Data provided: Begin
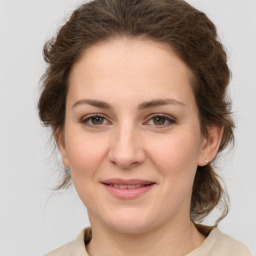 Joyful white young-adult female with medium  brown hair and green eyes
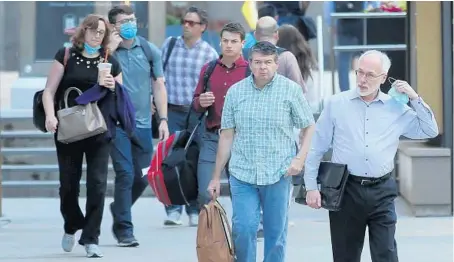  ?? ANTONIO PEREZ/CHICAGO TRIBUNE ?? Pedestrian­s take off their face masks after coming outside from train stations and buildings June 11 as Chicago and Illinois officially drop all COVID-19 restrictio­ns.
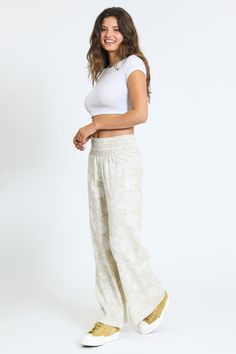 Step into effortless style with the Wide Smocked Boardwalk Pant in Sand. Designed for both comfort and versatility, these pants are perfect for a day at the beach or a casual outing in the city. Key Features Fabric Contents: Crafted from a premium blend of 55% Linen and 45% Rayon, these pants offer a breathable and lightweight feel, making them ideal for warm weather. Distinctive Smocked Waistband: The smocked waistband ensures a comfortable fit that adapts to your body, providing both style and Tie Waist Pants, Skirt Crop, A Day At The Beach, Day At The Beach, Tops For Leggings, Cropped Jeans, Jogger Pants, Jeans Shop, Short Tops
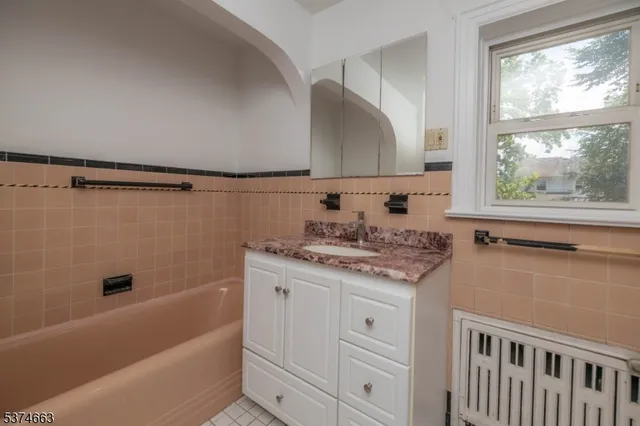 a bathroom with a granite countertop sink a mirror a bathtub and next to a window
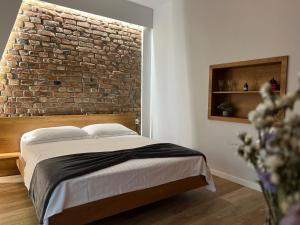 Cama en habitación con pared de ladrillo en KONI's Studio Apartments, en Tirana
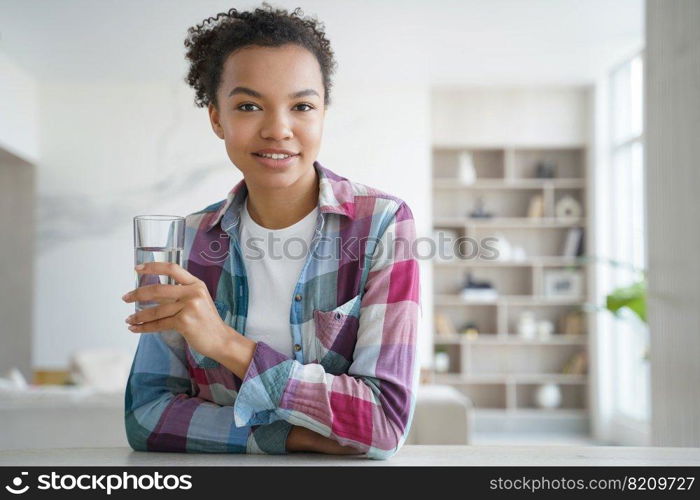 Smiling mixed race girl holding glass of pure water, sitting at home. Happy pretty biracial young woman holds fresh mineral water, looking at camera. Healthy lifestyle, daily routine concept.. Young mixed race girl holding glass of pure water, sitting at home. Healthy lifestyle, self care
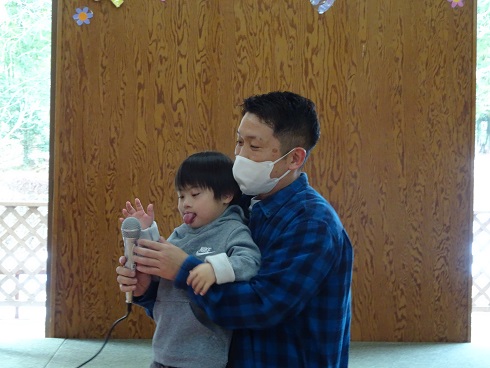 チェック柄のシャツを着た人物が幼い子どもを抱き、子どもが両手でマイクを持ってい「はじめのことば」を話している様子の写真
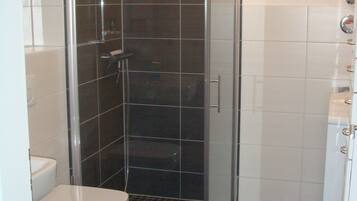 Une salle de bain avec une douche à parois de verre, des toilettes blanches et un lavabo blanc.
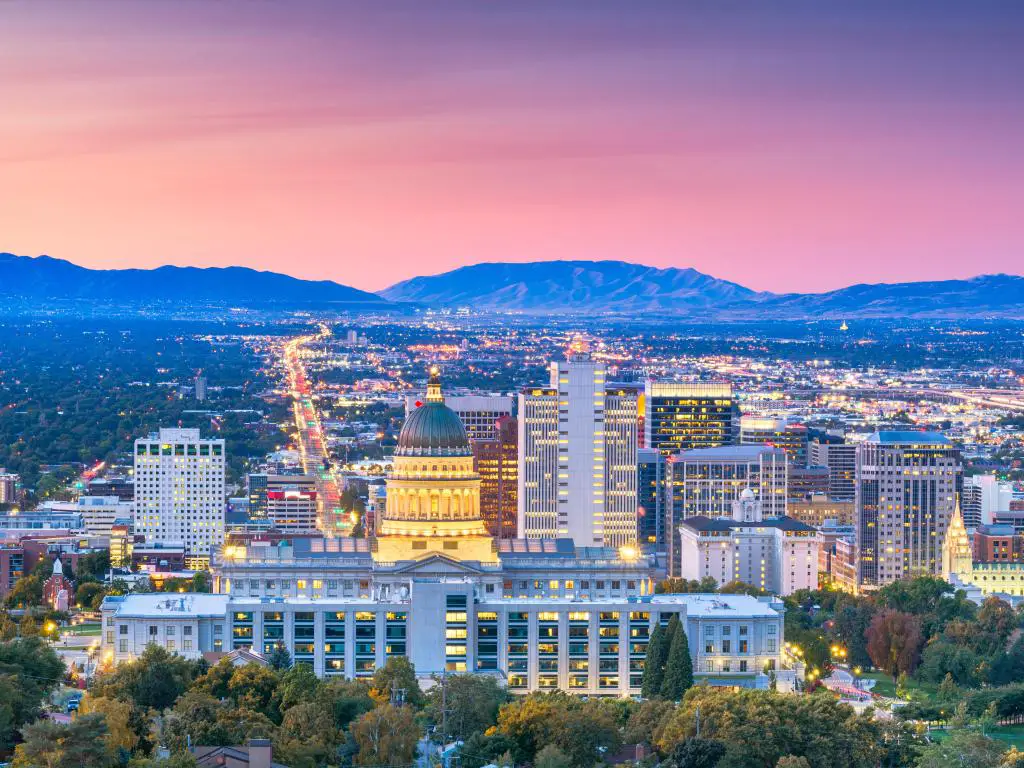 Salt Lake City, Utah, EE.UU. con el horizonte del centro de la ciudad en primer plano y las montañas en la distancia al atardecer con un hermoso cielo rojo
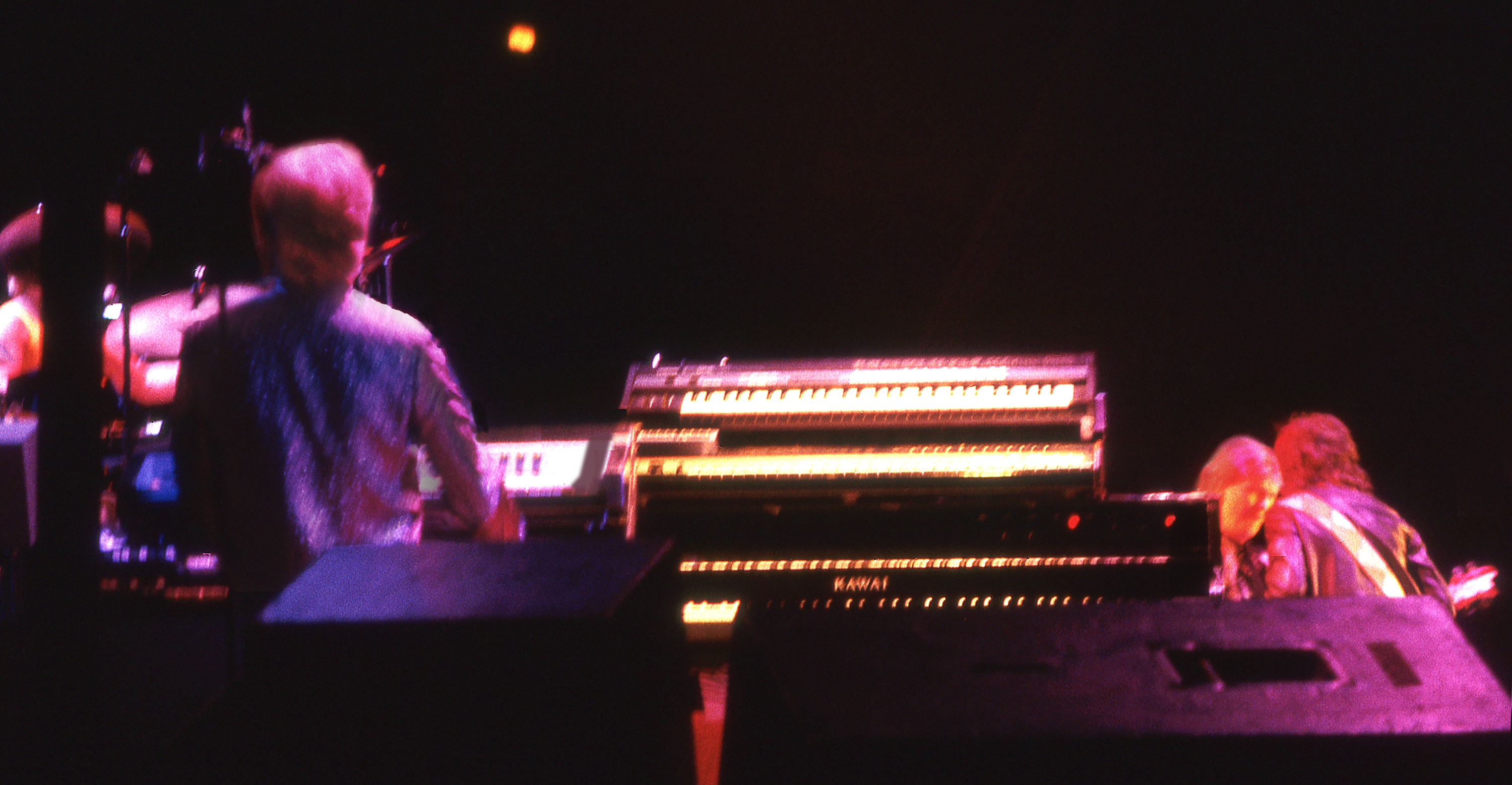 Yes keyboardist Tony Kaye, with Chris Squire and Trevor Rabin huddling, live in 1984 | Photo: Sam A. Marshall | Cincinnati OH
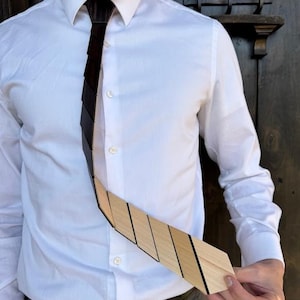 Peut inclure: Une cravate en bois au design unique. Elle est composée de pièces rectangulaires en bois, passant du marron foncé au marron clair. Portée avec une chemise blanche et un pantalon gris.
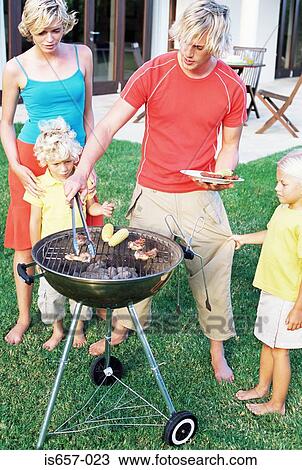 Stock Image - Family having barbecue. Fotosearch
Data provided: End
→ **What this task involves**: Pictures are not part of the copy. Reproduce the lines from the one with "Une salle de" through the end of the listing above.

→ **Result for this task**:
 Une salle de bain avec une douche à parois de verre, des toilettes blanches et un lavabo blanc.
 Salt Lake City, Utah, EE.UU. con el horizonte del centro de la ciudad en primer plano y las montañas en la distancia al atardecer con un hermoso cielo rojo
 Yes keyboardist Tony Kaye, with Chris Squire and Trevor Rabin huddling, live in 1984 | Photo: Sam A. Marshall | Cincinnati OH
 Peut inclure: Une cravate en bois au design unique. Elle est composée de pièces rectangulaires en bois, passant du marron foncé au marron clair. Portée avec une chemise blanche et un pantalon gris.
 Stock Image - Family having barbecue. Fotosearch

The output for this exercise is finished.